-- Recorded information follows --

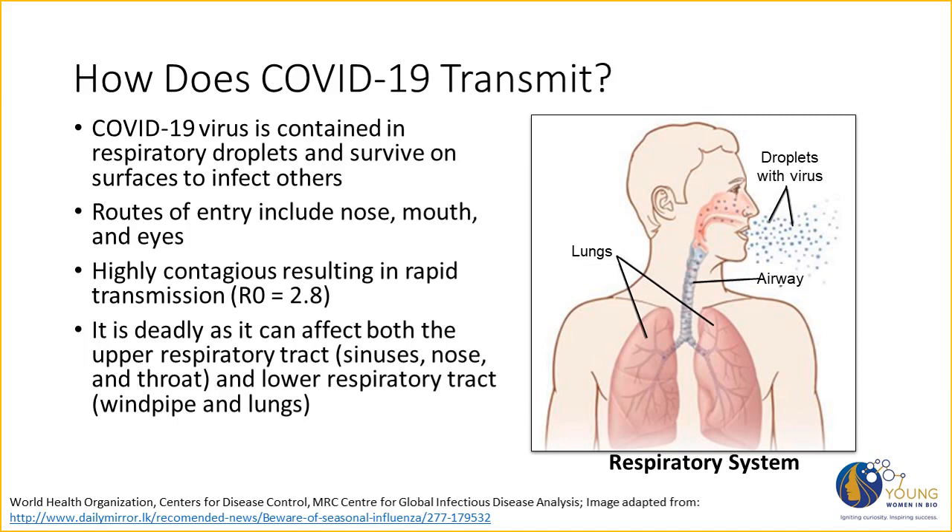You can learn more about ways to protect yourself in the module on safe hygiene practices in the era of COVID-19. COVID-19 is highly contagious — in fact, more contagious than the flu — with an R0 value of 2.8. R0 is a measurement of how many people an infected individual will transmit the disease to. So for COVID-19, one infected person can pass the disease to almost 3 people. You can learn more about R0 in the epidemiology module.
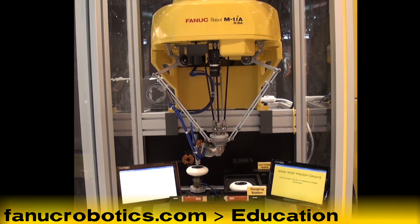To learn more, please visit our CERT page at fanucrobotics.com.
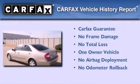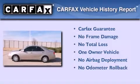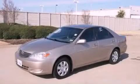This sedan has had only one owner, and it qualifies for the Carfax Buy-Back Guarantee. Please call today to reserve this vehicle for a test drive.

-- Recorded information concluded --

Repeat the material above word for word, please, apart from its images.

**Solution**:
You can learn more about ways to protect yourself in the module on safe hygiene practices in the era of COVID-19. COVID-19 is highly contagious — in fact, more contagious than the flu — with an R0 value of 2.8. R0 is a measurement of how many people an infected individual will transmit the disease to. So for COVID-19, one infected person can pass the disease to almost 3 people. You can learn more about R0 in the epidemiology module.
To learn more, please visit our CERT page at fanucrobotics.com.
This sedan has had only one owner, and it qualifies for the Carfax Buy-Back Guarantee. Please call today to reserve this vehicle for a test drive.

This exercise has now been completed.